(TASK STATEMENT)
In full and word for word, copy the listing; no pictures belong in the copy.

(GIVEN MATERIAL)

+++

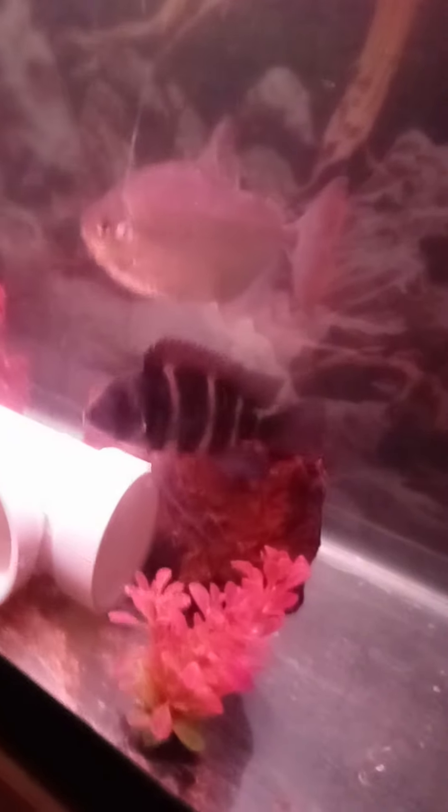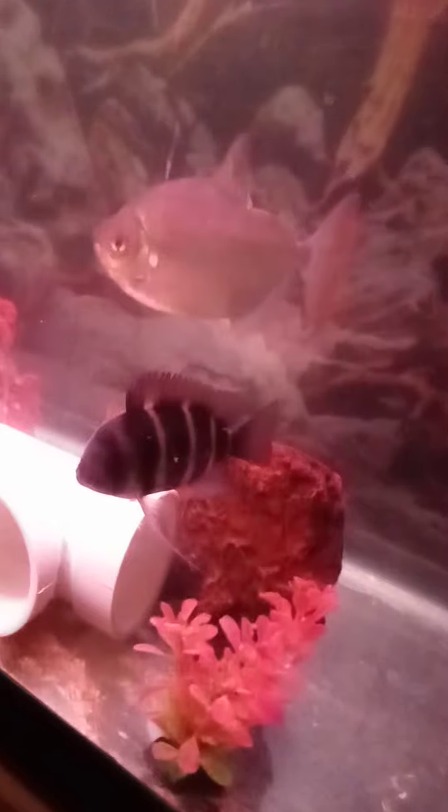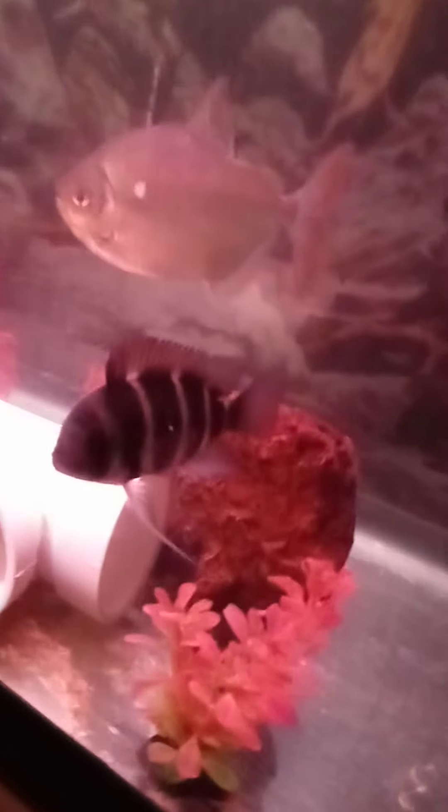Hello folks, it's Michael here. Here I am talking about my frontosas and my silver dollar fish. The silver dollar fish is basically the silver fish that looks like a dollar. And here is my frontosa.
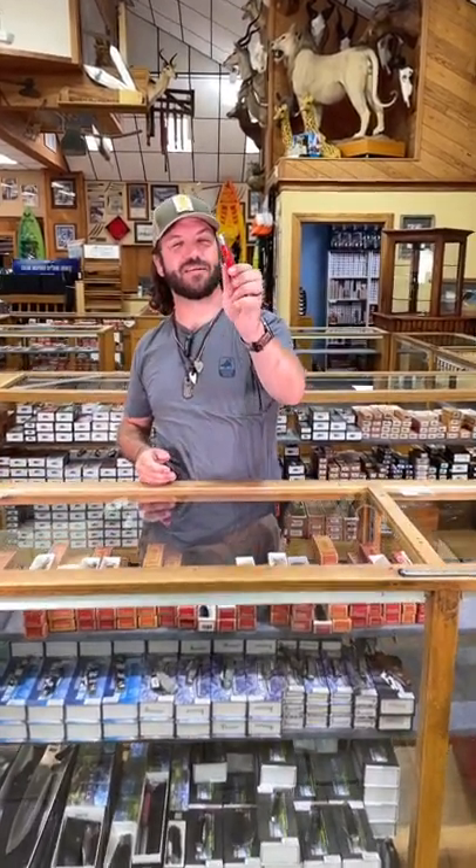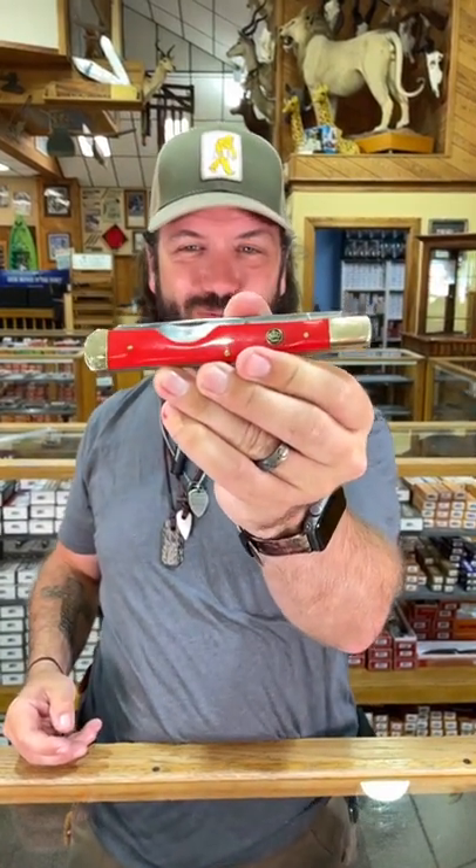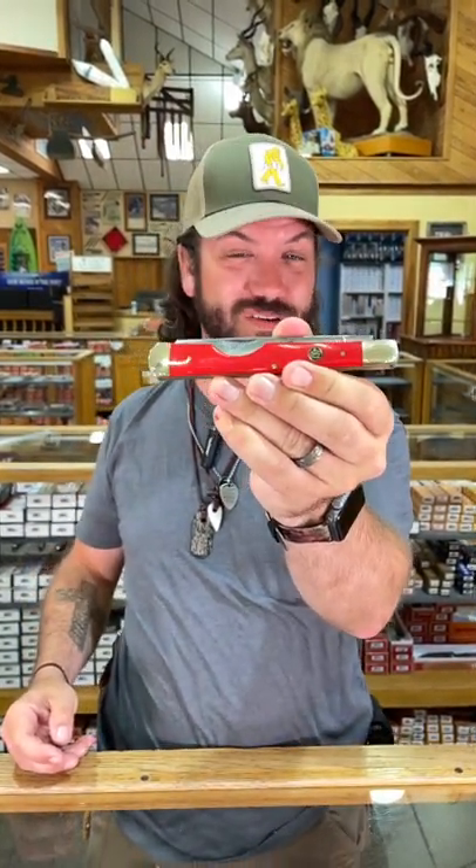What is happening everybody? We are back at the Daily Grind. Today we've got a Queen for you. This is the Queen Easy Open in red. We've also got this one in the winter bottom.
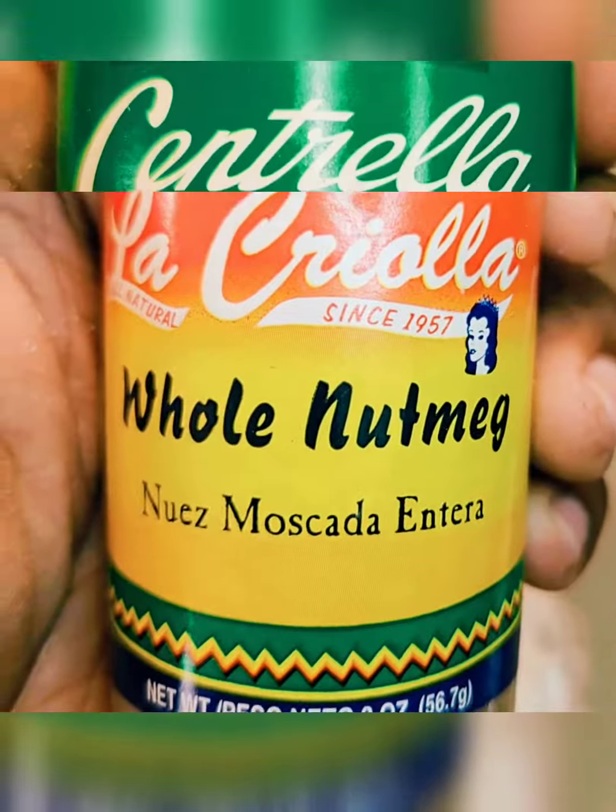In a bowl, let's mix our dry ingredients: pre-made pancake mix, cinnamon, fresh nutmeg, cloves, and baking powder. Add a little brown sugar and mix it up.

+++

(ANSWER)
Hello folks, it's Michael here. Here I am talking about my frontosas and my silver dollar fish. The silver dollar fish is basically the silver fish that looks like a dollar. And here is my frontosa.
What is happening everybody? We are back at the Daily Grind. Today we've got a Queen for you. This is the Queen Easy Open in red. We've also got this one in the winter bottom.
In a bowl, let's mix our dry ingredients: pre-made pancake mix, cinnamon, fresh nutmeg, cloves, and baking powder. Add a little brown sugar and mix it up.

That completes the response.